Option 1 has the advantage of being simple to understand by everyone, but means that the Guild has ultimate power. It becomes too much in the interest of a Guild to get players to sign up, donate their beacons, and then kick them out. This seems like a problem that we cannot fairly get around.
Option 2 means that the player is in complete control, but it has two issues. The first is what happens when a player leaves and the Guild and the Guild doesn’t have enough beacons left. @Vastar has suggested a solution to this, but it’s fiddly. The second issue is that it makes it possible for players to hold the Guild to random by threatening to leave, and reduces the level of ownership that a Guild has over its space and possessions.
Option 3 puts more power in the hands of the Guild, but not all the power. The Guild cannot get people to donate their beacons and then kick them out (because if they do that then beacons go back to the player), but players cannot leave the Guild and take their beacons back.

I think that Option 1 would not work, Option 2 could work, but Option 3 is be best balance. With option 3 the outstanding question is what happens if / when someone chooses to leave a Guild – the two options are that they forfeit their beacons, or that they cannot leave the Guild. There is no advantage to the player in leaving the Guild and forfeiting their beacons, so it seems like something that they would only do without fully realising the consequences, so wouldn’t it be better to prevent them from doing it in the first place?
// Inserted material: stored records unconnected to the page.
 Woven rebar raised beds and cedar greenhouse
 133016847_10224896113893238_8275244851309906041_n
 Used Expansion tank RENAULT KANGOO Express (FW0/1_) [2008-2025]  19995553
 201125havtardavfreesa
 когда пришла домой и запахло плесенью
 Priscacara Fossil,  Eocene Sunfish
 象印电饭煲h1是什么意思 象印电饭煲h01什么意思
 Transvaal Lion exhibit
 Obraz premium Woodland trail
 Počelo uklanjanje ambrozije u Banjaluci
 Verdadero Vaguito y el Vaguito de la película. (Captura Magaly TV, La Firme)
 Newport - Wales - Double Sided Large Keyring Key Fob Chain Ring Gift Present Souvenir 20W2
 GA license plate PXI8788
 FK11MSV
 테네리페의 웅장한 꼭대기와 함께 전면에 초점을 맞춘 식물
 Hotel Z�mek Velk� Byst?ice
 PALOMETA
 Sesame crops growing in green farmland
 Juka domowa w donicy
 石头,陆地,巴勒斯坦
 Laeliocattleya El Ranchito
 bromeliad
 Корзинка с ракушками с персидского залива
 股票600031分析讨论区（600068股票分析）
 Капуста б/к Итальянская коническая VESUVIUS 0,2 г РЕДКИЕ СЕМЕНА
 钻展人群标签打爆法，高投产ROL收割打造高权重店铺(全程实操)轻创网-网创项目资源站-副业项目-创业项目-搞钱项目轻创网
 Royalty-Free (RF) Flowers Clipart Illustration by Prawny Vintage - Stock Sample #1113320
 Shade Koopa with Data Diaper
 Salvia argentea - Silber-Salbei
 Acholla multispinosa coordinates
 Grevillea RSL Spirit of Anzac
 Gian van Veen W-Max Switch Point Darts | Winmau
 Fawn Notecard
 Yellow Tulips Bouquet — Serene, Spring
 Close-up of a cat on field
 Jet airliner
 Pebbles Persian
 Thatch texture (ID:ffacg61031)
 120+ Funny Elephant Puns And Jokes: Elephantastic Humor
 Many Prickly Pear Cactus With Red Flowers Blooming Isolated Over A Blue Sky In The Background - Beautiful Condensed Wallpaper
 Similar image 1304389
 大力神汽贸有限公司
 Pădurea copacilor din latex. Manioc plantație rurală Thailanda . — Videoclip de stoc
The one thing this doesn’t cover is the desire to no longer be associated with a Guild because you don’t like what they stand for or what they’re doing, and I don’t know the answer to that, although I wonder that if it gets to that they will want to kick you out anyway as what guild would want a person who thinks that included anyway.

As I said initially this is a tricky one, and I can’t see a neat solution to it.
Further thoughts and comments are most welcome.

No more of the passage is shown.